Commerce.gov is getting a facelift soon. See the new design.

Remarks at Press Conference Kicking Off Trade Mission to China and Indonesia

Printer-friendly version

AS PREPARED FOR DELIVERY

Sunday, May 16, 2010

CONTACT OFFICE OF PUBLIC AFFAIRS

202-482-4883

Secretary of Commerce Gary Locke
Remarks at Press Conference Kicking Off Trade Mission to China and Indonesia in Hong Kong

Press release

Thank you for all for joining me today.

It is wonderful to be in Hong Kong again.  I’ve been here many times and am always impressed by the hospitality and graciousness of the people in this city. This time is no different.  I want to begin by thanking all of the Hong Kong government and business leaders who have helped make this trip possible.

I am here on the heels of the announcement of President Obama’s National Export Initiative – which aims to double American exports by 2015 – on the administration’s first cabinet-level trade mission.

As you can see, I have arrived with quite an entourage.

Joining me on this trip are senior executives from 24 American companies that represent a cross-section of the best that America has to offer in clean energy, energy efficiency, and electricity energy storage, transmission and distribution.
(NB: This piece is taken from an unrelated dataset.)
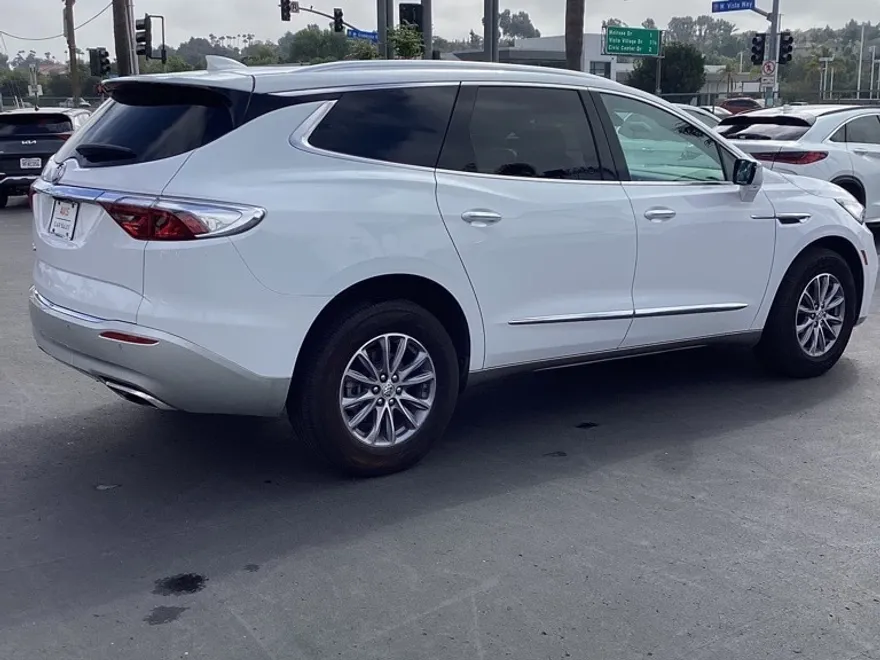 2024 Buick Enclave Premium photo 1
In the days ahead, I’ll be eager to help these companies find new business partners in Hong Kong and mainland China, as they seek to win contracts for projects like building wind turbines and designing more energy-efficient buildings.

Innovative companies like these – bringing emerging technologies to a dynamic new market – are going to play a big role in meeting the ambitious goals President Obama laid out in his export initiative.

The companies on this trade mission can help create economic opportunity and good jobs back in America, while helping Hong Kong and China grow their own economies and meet energy demand in a way that won’t put the planet and our entire way of life at risk.

This trade mission is truly a win-win for American companies and their workers and for the people of Hong Kong and China. 

But trips like this one also have much broader implications – because how well the United States and China can work and invest together in this emerging industry will very likely determine whether the entire world can deal with its energy and environmental challenges.

With global energy demand slated to double by 2050, we’re going to have to mobilize every innovative company and every bright mind we can behind discovering cleaner, greener energy solutions.

If we meet this challenge – and I believe we can – we can unlock one of the greatest economic opportunities of the 21st century, and put millions of people to work in high-skill, high-wage jobs.

The U.S. and China – as the world's two biggest emitters of carbon – have a moral responsibility to lead the world in this area.

But as two of the world’s most productive and innovative economies, the United States and China also have the resources and capacity to deliver. 

And I’m looking forward to helping these American companies showcase what they've got to offer, while exploring other areas of clean energy cooperation with our partners in the Hong Kong and Chinese governments.

Thank you all again for coming, and I'll be happy to answer a few questions.